Andre Engels andreengels at gmail.com
Fri Sep 16 20:16:18 UTC 2011


Sorry, I dropped some hot food on me as I wrote this, and then apparently
accidentily hit sent.

On Fri, Sep 16, 2011 at 9:57 PM, Andre Engels <andreengels at gmail.com> wrote:

> On Fri, Sep 16, 2011 at 9:13 PM, Tobias Oelgarte <
> tobias.oelgarte at googlemail.com> wrote:
>
>> I would not have any problems if we would not play in the hands of
>> censors (local ISPs, a simple proxy, regimes, institutions, ...) by
>> actually labeling content as objectionable. Which gives away the control
>> over the content by the user itself, while no one would invest the money
>> if he would need to label the content itself.
>>
>
> So how do you expect those censors to use this?
>
>
 You should know that there are hundreds of phobias, cultural conflicts
>> and other categories of possibly objectionable content. Do you expect us
>> to manage all this categories of filtering, or would you say that it
>> will be narrowed down to be user friendly and manageable, while leaving
>> out some categories and ignore the complies of some minorities?
>>
>
I'd say, drop the idea that the filter is supposed to be perfect. A filter
that is little-used can get a rough content first time around, preferably
specified by the person asking for the filter, then people using the filter
can suggest adding or removing images.
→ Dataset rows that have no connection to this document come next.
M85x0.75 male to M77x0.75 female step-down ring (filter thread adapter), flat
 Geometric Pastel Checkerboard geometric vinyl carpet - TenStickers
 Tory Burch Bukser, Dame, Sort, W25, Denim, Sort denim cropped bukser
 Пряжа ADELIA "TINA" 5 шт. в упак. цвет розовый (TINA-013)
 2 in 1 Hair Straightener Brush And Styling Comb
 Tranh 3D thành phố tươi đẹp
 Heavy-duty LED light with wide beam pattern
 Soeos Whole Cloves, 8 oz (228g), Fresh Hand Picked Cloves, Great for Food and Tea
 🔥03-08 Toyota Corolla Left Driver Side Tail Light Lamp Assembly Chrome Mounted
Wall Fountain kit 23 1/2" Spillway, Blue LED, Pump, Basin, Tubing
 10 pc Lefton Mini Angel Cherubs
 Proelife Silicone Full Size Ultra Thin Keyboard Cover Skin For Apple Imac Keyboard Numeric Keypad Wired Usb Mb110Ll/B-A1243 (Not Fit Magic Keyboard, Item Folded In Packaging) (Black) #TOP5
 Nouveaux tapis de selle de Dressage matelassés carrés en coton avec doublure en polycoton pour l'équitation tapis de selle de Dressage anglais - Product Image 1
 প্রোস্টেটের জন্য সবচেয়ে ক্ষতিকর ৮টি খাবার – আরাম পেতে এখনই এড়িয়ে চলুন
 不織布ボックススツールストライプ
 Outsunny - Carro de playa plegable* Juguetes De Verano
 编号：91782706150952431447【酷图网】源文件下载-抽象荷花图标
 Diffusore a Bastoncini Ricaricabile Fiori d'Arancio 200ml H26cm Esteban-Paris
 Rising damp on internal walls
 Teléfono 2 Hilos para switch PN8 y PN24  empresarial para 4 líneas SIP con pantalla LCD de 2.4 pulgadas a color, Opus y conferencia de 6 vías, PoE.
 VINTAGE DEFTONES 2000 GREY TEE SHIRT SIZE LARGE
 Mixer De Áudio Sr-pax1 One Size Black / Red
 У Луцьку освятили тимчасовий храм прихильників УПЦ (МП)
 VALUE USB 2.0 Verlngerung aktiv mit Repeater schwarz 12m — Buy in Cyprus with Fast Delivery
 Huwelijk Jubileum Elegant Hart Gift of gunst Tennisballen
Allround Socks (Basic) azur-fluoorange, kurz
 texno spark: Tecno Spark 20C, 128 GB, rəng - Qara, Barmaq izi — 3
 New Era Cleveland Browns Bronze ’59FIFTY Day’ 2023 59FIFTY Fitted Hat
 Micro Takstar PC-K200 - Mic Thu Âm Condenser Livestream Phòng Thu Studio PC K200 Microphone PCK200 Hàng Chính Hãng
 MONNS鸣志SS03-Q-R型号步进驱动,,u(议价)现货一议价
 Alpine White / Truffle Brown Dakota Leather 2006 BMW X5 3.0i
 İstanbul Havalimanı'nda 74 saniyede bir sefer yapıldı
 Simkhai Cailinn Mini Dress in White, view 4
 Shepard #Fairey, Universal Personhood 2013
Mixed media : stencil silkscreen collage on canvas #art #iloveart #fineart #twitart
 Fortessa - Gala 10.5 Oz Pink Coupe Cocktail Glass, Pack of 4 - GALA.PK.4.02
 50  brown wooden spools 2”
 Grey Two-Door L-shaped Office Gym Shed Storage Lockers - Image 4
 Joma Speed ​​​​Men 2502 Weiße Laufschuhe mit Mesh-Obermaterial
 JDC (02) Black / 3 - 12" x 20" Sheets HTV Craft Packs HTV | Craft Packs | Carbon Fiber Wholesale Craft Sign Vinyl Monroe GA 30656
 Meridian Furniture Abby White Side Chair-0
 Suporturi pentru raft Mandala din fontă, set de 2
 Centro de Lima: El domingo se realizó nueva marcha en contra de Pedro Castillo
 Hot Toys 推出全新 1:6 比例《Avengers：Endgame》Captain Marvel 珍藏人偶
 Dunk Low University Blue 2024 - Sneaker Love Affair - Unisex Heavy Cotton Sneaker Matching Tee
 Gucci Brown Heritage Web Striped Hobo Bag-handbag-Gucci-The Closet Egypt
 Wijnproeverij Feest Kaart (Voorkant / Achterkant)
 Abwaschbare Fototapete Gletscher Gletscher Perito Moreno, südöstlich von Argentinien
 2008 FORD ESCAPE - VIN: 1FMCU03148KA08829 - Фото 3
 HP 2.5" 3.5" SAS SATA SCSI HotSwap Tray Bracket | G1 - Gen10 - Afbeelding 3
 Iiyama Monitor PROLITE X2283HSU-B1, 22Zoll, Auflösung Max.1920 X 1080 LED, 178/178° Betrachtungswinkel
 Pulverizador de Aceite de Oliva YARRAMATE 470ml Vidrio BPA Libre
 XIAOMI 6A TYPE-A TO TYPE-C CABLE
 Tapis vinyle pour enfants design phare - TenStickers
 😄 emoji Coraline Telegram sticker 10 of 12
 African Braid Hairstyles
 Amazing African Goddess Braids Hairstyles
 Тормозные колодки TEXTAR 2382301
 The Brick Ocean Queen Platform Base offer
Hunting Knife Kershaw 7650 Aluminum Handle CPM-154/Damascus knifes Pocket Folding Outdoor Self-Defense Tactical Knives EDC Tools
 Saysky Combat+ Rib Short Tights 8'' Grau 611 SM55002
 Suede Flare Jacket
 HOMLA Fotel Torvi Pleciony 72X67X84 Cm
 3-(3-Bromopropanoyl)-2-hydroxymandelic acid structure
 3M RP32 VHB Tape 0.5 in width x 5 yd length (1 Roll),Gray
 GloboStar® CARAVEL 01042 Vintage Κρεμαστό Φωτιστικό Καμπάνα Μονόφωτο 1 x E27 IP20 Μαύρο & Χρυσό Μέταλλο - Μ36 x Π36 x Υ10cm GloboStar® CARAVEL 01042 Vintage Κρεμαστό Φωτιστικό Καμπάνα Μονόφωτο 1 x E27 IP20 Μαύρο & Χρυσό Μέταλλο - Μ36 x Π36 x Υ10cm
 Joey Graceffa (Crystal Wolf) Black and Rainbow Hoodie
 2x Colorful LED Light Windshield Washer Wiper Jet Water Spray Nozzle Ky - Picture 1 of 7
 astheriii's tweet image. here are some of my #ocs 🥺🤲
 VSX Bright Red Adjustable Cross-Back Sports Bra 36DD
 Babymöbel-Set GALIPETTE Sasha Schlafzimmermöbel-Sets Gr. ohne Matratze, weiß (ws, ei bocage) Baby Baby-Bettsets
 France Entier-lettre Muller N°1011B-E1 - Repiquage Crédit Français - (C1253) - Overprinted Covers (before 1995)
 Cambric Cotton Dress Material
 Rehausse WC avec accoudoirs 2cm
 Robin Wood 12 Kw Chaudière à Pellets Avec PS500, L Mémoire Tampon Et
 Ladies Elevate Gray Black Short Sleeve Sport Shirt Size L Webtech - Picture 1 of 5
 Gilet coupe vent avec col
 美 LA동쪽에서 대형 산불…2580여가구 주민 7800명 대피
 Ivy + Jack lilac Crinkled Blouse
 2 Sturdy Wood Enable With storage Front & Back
Volunteers can go and work on the
filters if they want, but if they don't, the filter will just be changed by
such suggestions.

Then again, there is the alternative of only including filters with at least
a certain amount of expected usage. I see no problem with not having a
filter for everyone who asks for it. I don't think that doing things
perfectly and not doing them at all are the only options.